What the exercise asks :: Set down every entry exactly as it stands, omitting any picture.

Scraped caption text data:
★ ★ ★
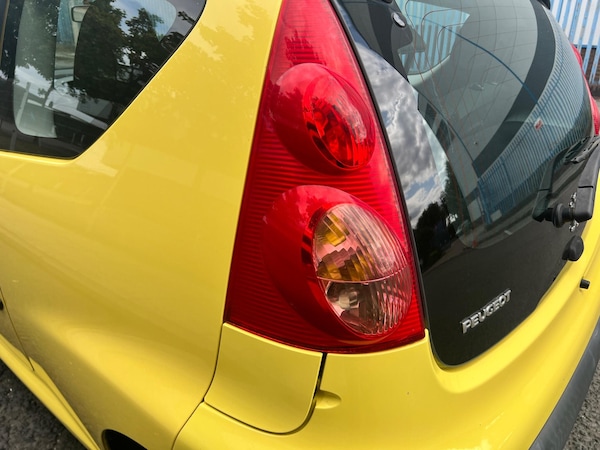 Used Peugeot 107 2010 for sale - 75669203: Photo 28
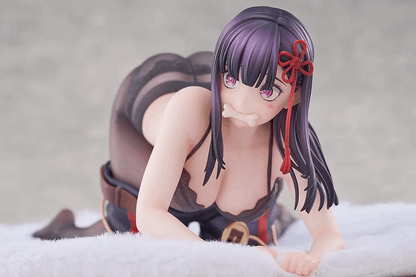 Solarain 1/7 Chained Soldier Season 2: Ren Yamashiro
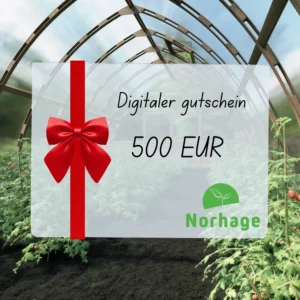 Digitaler Gutschein – 500 EUR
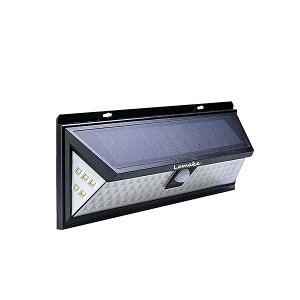 �y���������z�������邢 4400mAh��e�ʃo�b�e���[���� �Z���T�[���C�g ABS �\�[���[�[�d �O�Ɩ����[�h ���ÃZ���T�[ ��t�ȒP 1pack�i8w*1�j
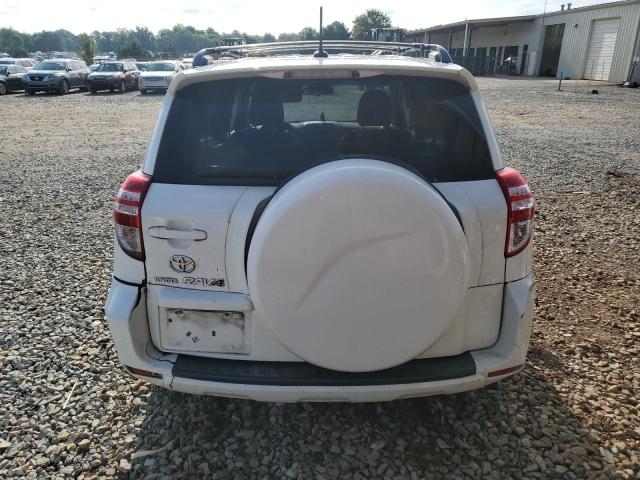 2T3WF4DV3AW029964 - 2010 TOYOTA RAV4 SPORT 白色 照片 6
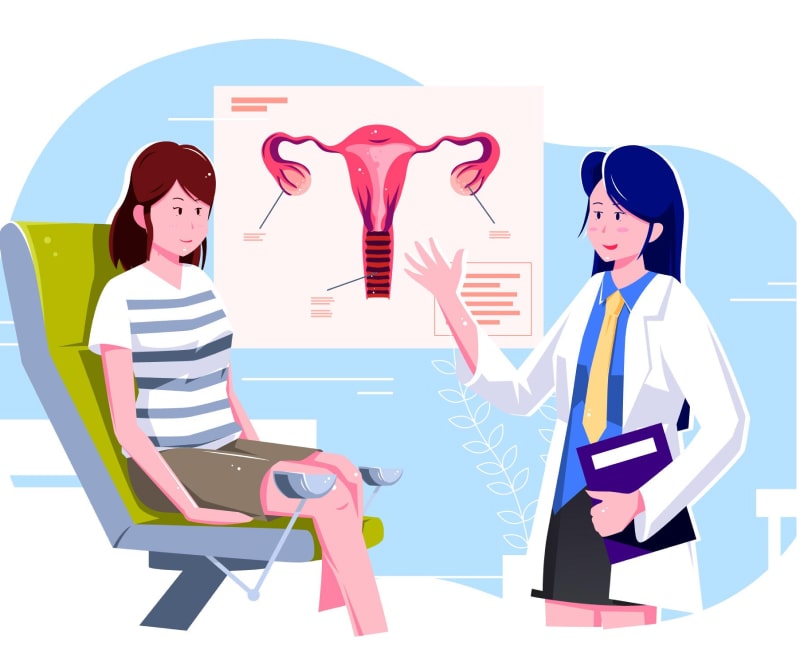 O que é endometriose?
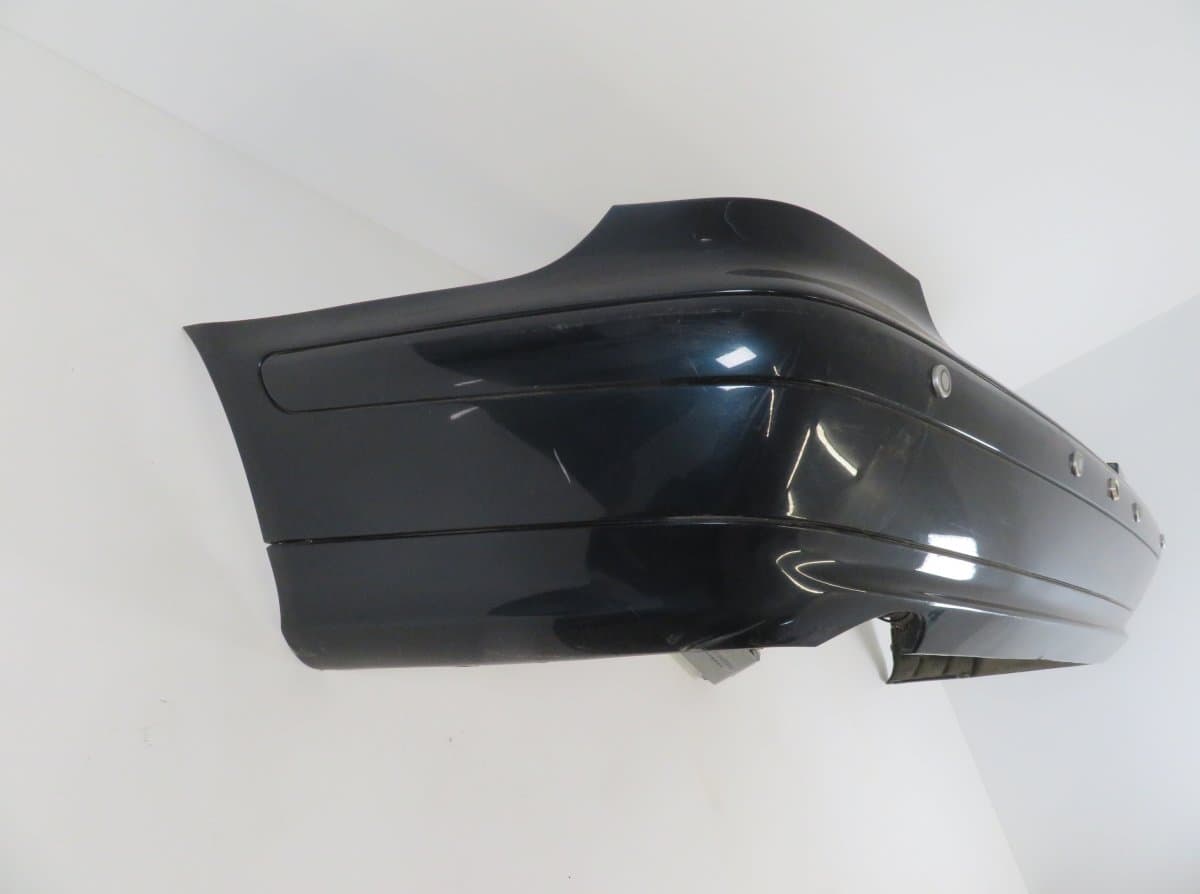 A2088800340 Rear bumper MERCEDES-BENZ CLK (C208) (1997-2002)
★ ★ ★
Result of the task ::
 Used Peugeot 107 2010 for sale - 75669203: Photo 28
 Solarain 1/7 Chained Soldier Season 2: Ren Yamashiro
 Digitaler Gutschein – 500 EUR
 �y���������z�������邢 4400mAh��e�ʃo�b�e���[���� �Z���T�[���C�g ABS �\�[���[�[�d �O�Ɩ����[�h ���ÃZ���T�[ ��t�ȒP 1pack�i8w*1�j
 2T3WF4DV3AW029964 - 2010 TOYOTA RAV4 SPORT 白色 照片 6
 O que é endometriose?
 A2088800340 Rear bumper MERCEDES-BENZ CLK (C208) (1997-2002)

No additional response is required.